Affrontando il problema relativo a come l'umanità ha prodotto questi simboli e a come se ne è appropriato il singolo, Ferenczi individua «nell'insufficiente capacità di discernimento propria dell'infanzia la condizione fondamentale per l'insorgere delle fasi preliminari ontogenetiche e filogenetiche dei processi cognitivi. A questo proposito - scrive Ferenczi - vorrei fare un'obiezione relativa all'uso della parola "simbolo" per denominare tutte quelle fasi cognitive preliminari; anche paragoni, allegorie, metafore, allusioni, parabole, rappresentazioni indirette di ogni specie possono, in un certo senso, essere interpretati come prodotti di tali confuse distinzioni e definizioni, e tuttavia, in senso psicoanalitico, essi non sono simboli. Simboli in senso psicoanalitico sono soltanto quelle cose (o rappresentazioni) a cui nella coscienza compete un investimento affettivo logicamente inspiegabile e infondato e delle quali è possibile stabilire per via analitica che debbono tale rilievo affettivo all'identificazione inconscia con un'altra cosa (rappresentazione) cui, in realtà, quell'eccedenza appartiene.

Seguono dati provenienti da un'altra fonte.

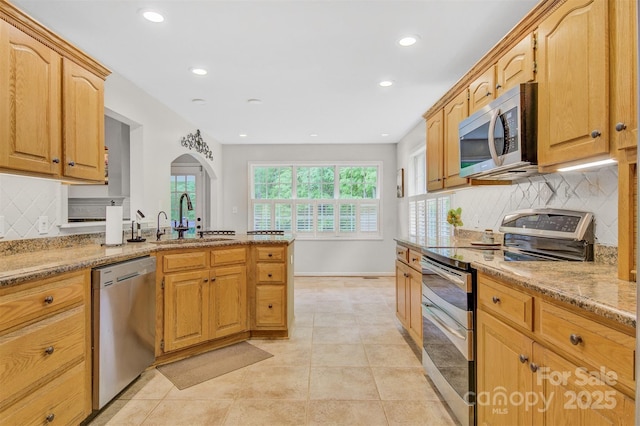 kitchen featuring light stone countertops, recessed lighting, tasteful backsplash, a sink, and stainless steel appliances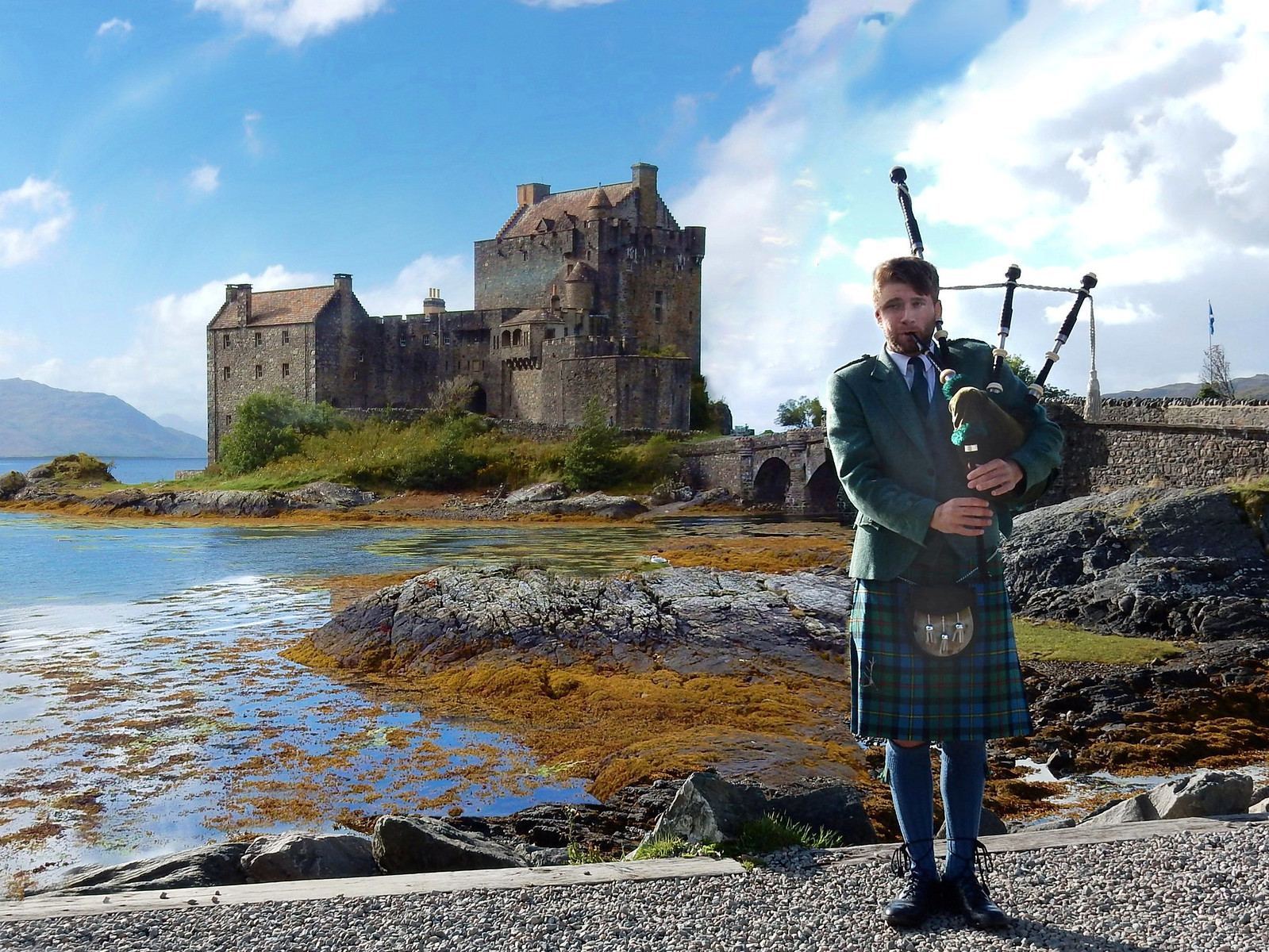Piper in front of Eilean Donan Castle. Credit Marshalhenrie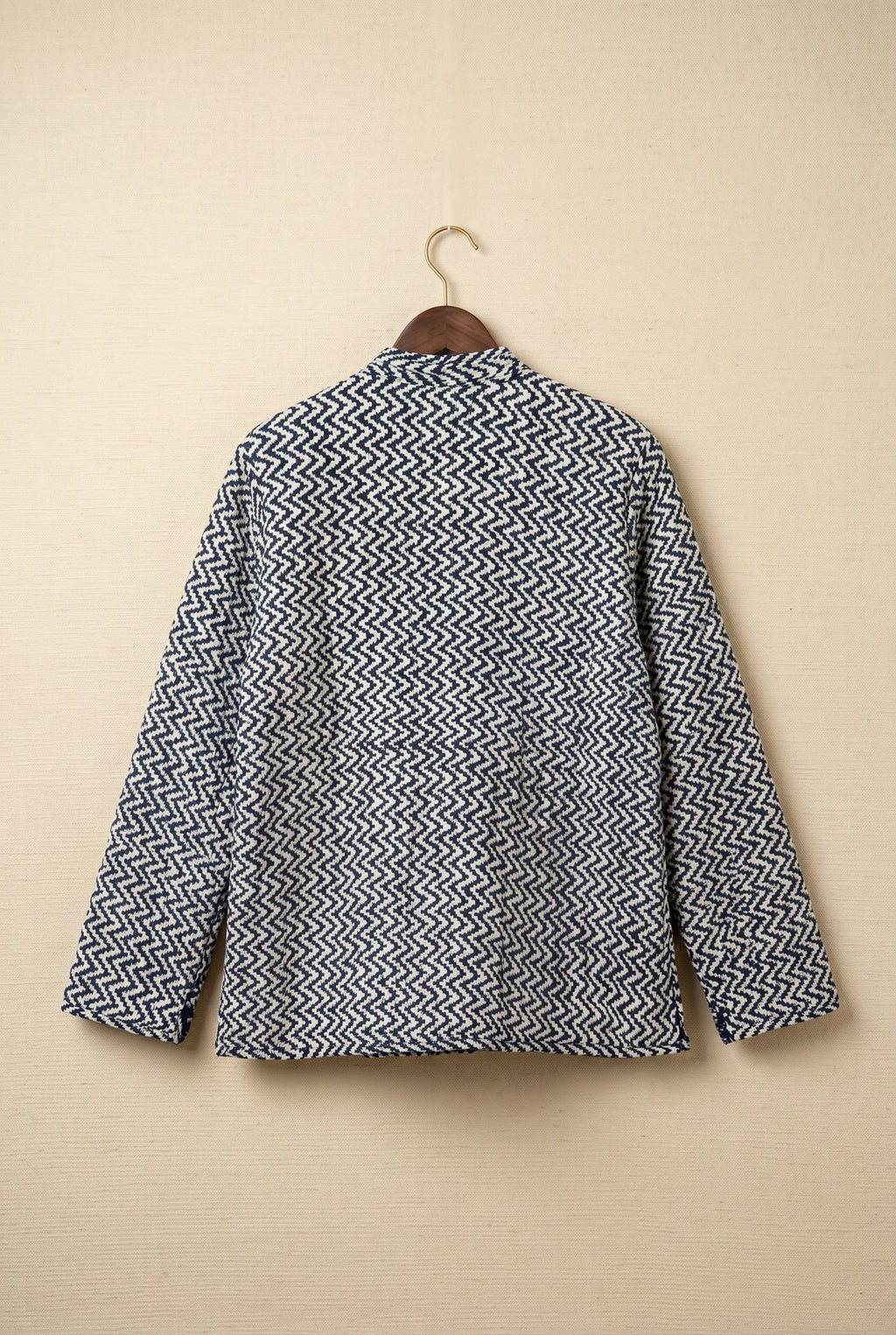 Chhipa reversible jacket — back of zigzag block-print reverse side on hanger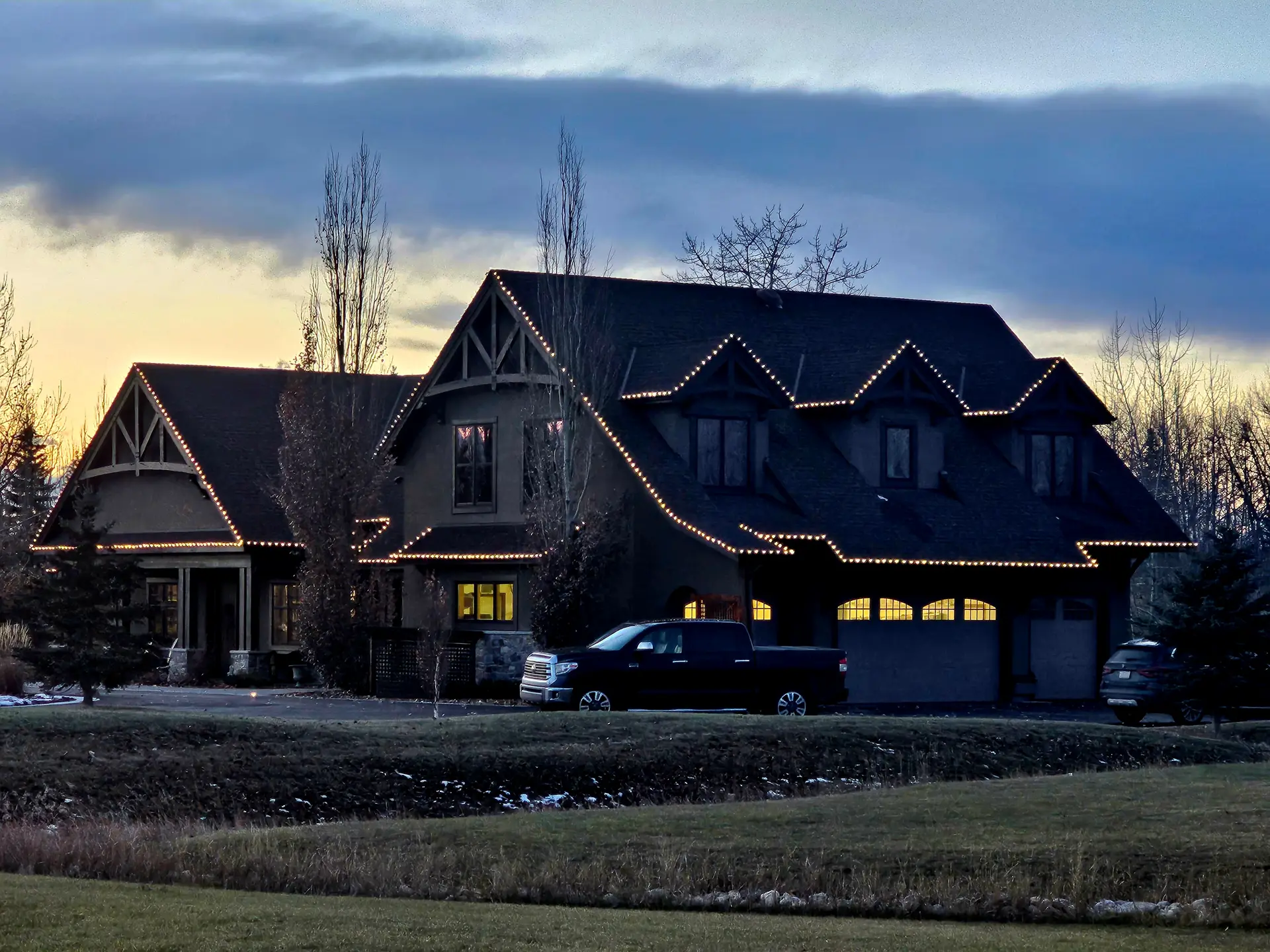 Home at dusk with a subtle warm white roofline, under a blue-hour sky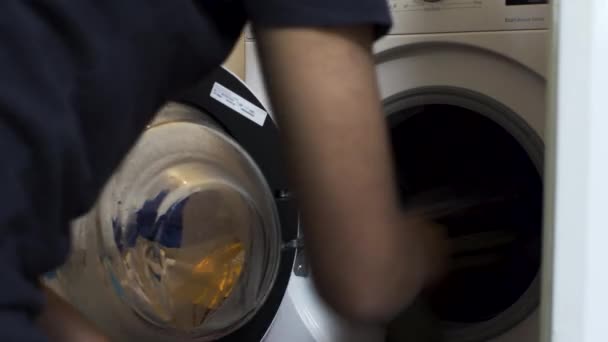 Asian Male Taking Out Clothes Washing Machine Locked — Stock video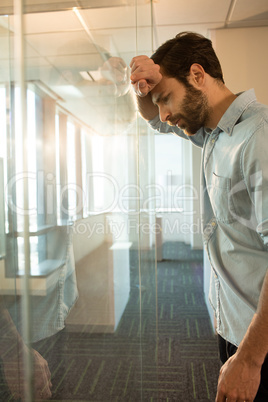 Side view of depressed businessman leaning on glass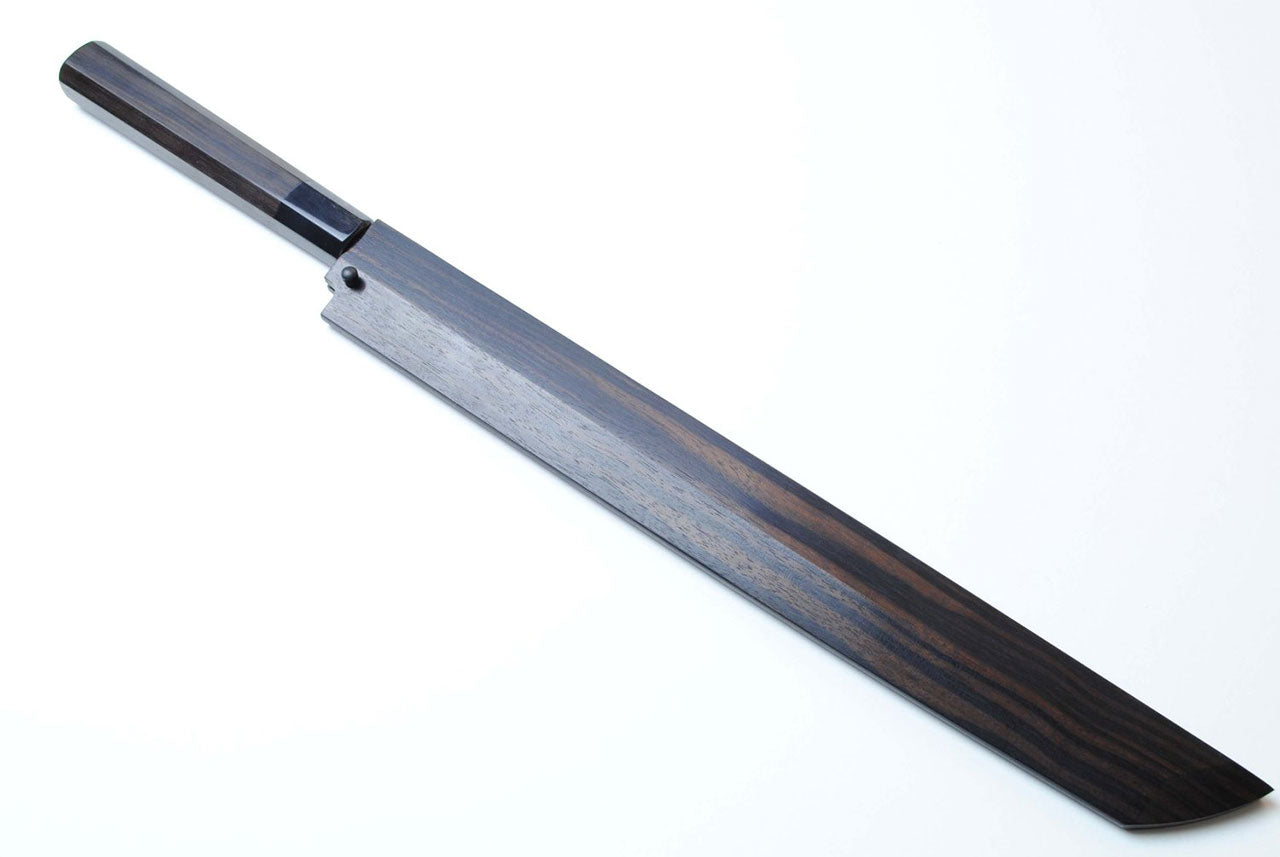 Japanese chef knife with Damascus-style blade and dark ebony wood handle, tip view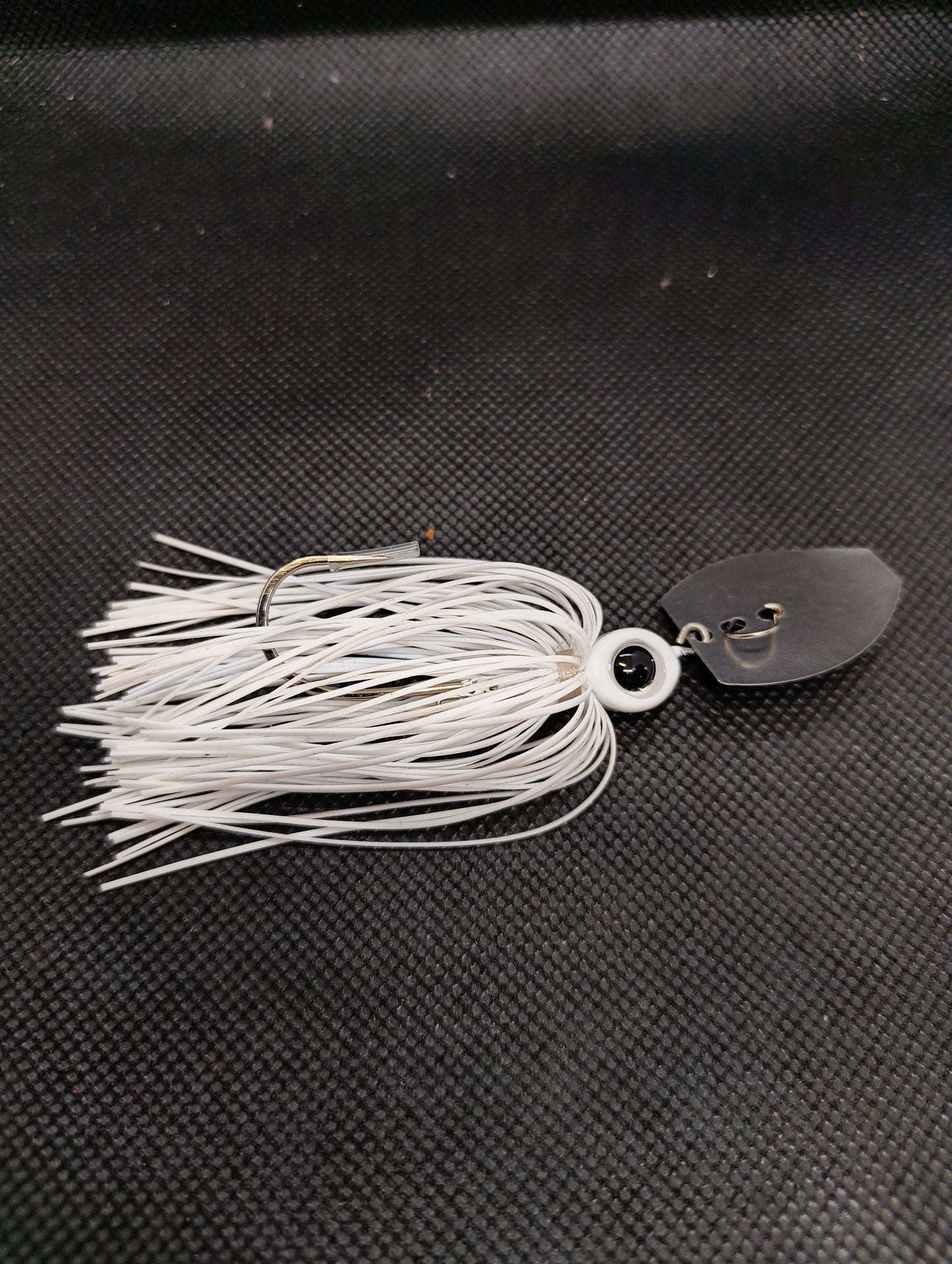 Limestone Softbaits ShadShaker chatter bait with a sleek black and blue jig head and a flexible plastic shad body for fishing.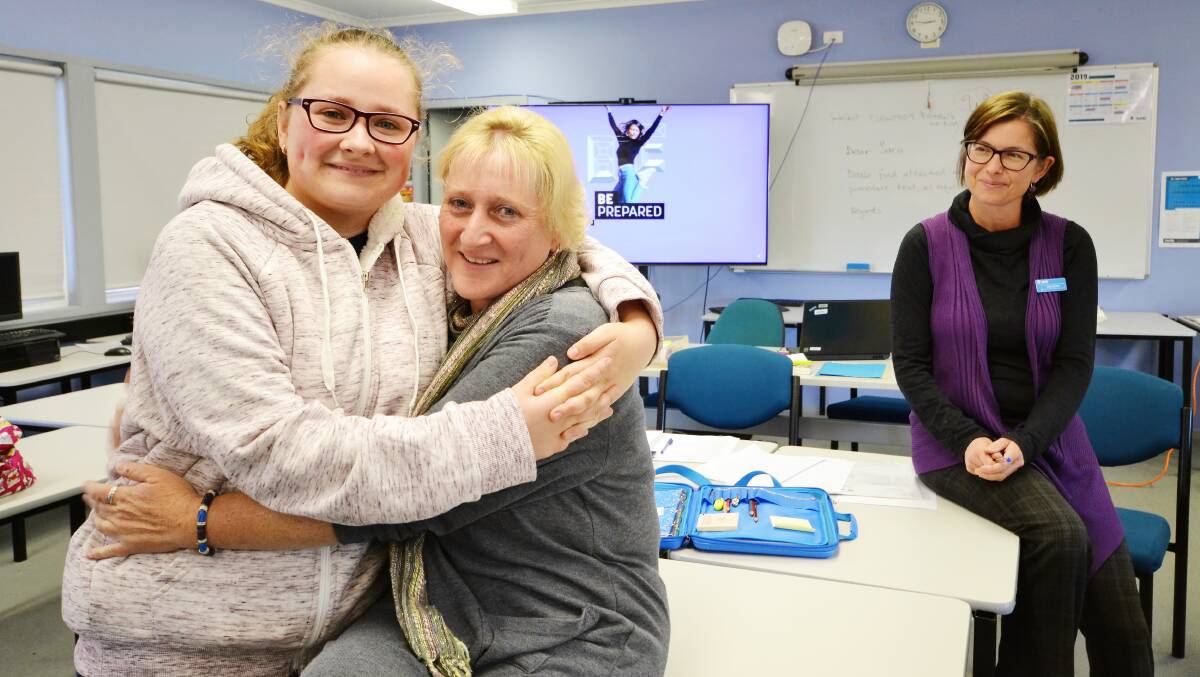 Ulladulla mother and daughter Collette and Taleatha McFarlane and TAFE NSW Ulladulla teacher Sara Eastway. Picture: Adam Wright/TAFE NSW.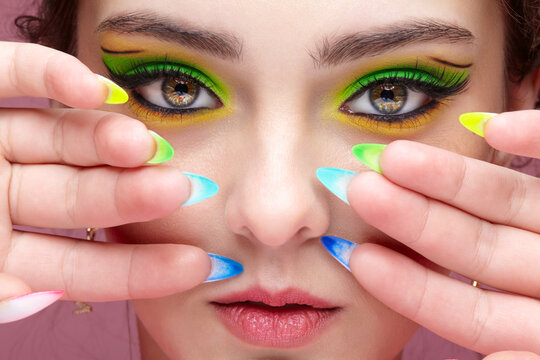 Young woman with green eyes makeup and multi-colored nails manicure.
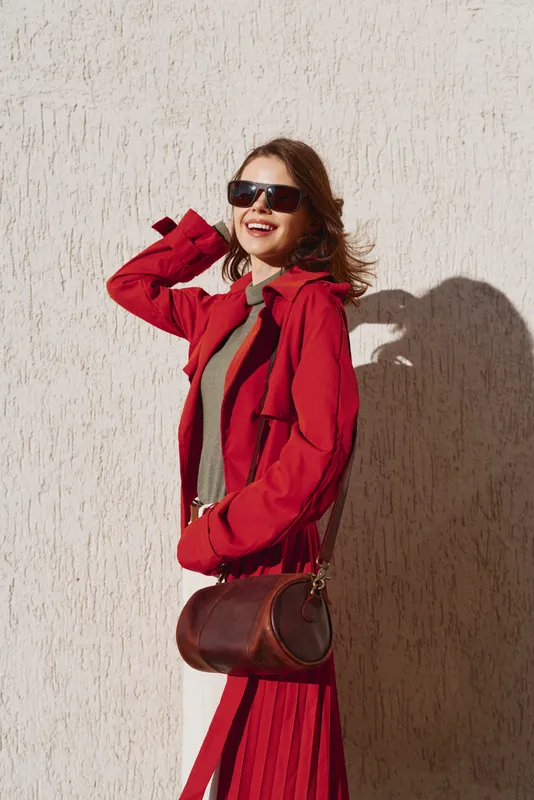 Young woman in a red coat and sunglasses smiles confidently while standing against a textured wall in bright sunlight during daytime.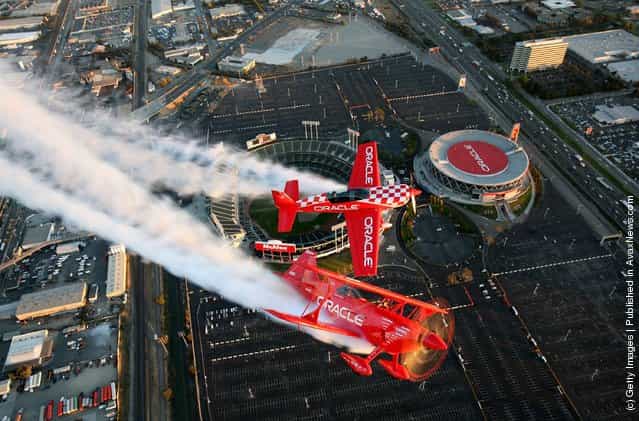 Planes for Team Oracle perform over downtown San Francisco during a practice session for San Francisco Fleet Week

Non tutti i paragoni sono dunque simboli, ma solo quelli in cui uno dei termini dell'equazione è rimosso nell'inconscio» (1913a, p. 88-89).

c) E. Jones.

Jones conviene con Ferenczi sulla tesi che «viene simboleggiato solo ciò che è rimosso, e solo ciò che è rimosso ha bisogno di essere simboleggiato. Questa conclusione deve essere considerata la pietra di paragone della teoria del simbolismo» (1948, p. 106). Accogliendo questa versione G. Ròheim ritiene che in tal modo sia spiegata la funzione del simbolo, ma non l'origine che risiede, invece, nella necessità di trasformare un oggetto potenzialmente pericoloso in oggetto libidico: «Vedere nel serpente un pene costituisce un tentativo di trasformare l'oggetto pericoloso in libidico. In secondo luogo, ovunque ci si trovi di fronte alla necessità di trasmettere un significato, in pari tempo mascherandolo, "serpente" sarà l'equivalente simbolico di "pene". L'istituzione di tale nesso è di quelle che io definisco "potenzialmente universali" nel senso che esso sorge su una base universalmente umana che non richiede un tipo specifico di personalità, cultura o nevrosi» (1950, p. 37).

d) M. Klein e W.R. Bion.

Questi autori non limitano la nozione di simbolo alla trasformazione in contenuto manifesto di un contenuto latente, ma la estendono agli «oggetti interni», come ad esempio il seno «buono» e «cattivo», che, essendosi radicati con un significato profondo nella mente, condizionano la modalità di percepire la realtà esterna. Questo simbolismo originario che la Klein connette alla dinamica depressiva e Bion alla tolleranza e al contenimento del dolore, rimane attivo nel generare i processi mentali più evoluti, tra cui la rappresentazione degli oggetti della realtà esterna, anche se non c'è più corrispondenza tra il seno interiorizzato e alcun seno reale (-► kleiniana, teoria, § 1).

e) J. Lacan.

Lacan assume l'ordine simbolico come ordine originario a cui rifiuta di assegnare un significato perché, seguendo l'impostazione di F. de Saussure e di Lévi-Strauss, il significante non rinvia a un significato, ma a un sistema significante caratterizzato da opposizioni differenziali che il singolo soggetto non ha creato, ma in cui, piuttosto, è inserito come nel retaggio della propria storia e della propria cultura, per cui Lacan può dire: «Se l'uomo arriva a pensare l'ordine simbolico è perché vi è anzitutto preso nel suo essere» ( 1966c, p. 49). E ancora: «Tutti gli esseri umani partecipano all'universo dei simboli, vi sono inclusi e lo subiscono molto più che non lo costituiscano, ne sono molto più i supporti che gli agenti» (1953-1954, p. 198). Come ordine a cui è sottomessa la comunità umana, il simbolico detta legge agli altri ordini: l'immaginario e il reale, che al simbolico si subordinano (-► lacaniana, teoria, § 8). D'altra parte, essendo strutturato intorno a una mancanza, il significante simbolico può essere equivocato in quanto evoca «l'assenza nella presenza e la presenza nell'assenza» (1953-1954, p. 196). In ogni caso, il desiderio dell'uomo diventa veramente umano quando non è più alienato nell'immaginario ma si riconosce nel simbolico: «Se si dovesse definire in quale momento l'uomo diventa uomo diremmo che è nel momento in cui, per quanto poco, entra nella relazione simbolica» (1953-1954, p. 195; -►■ lacaniana, teoria, § 9).

6. Psicologia analitica.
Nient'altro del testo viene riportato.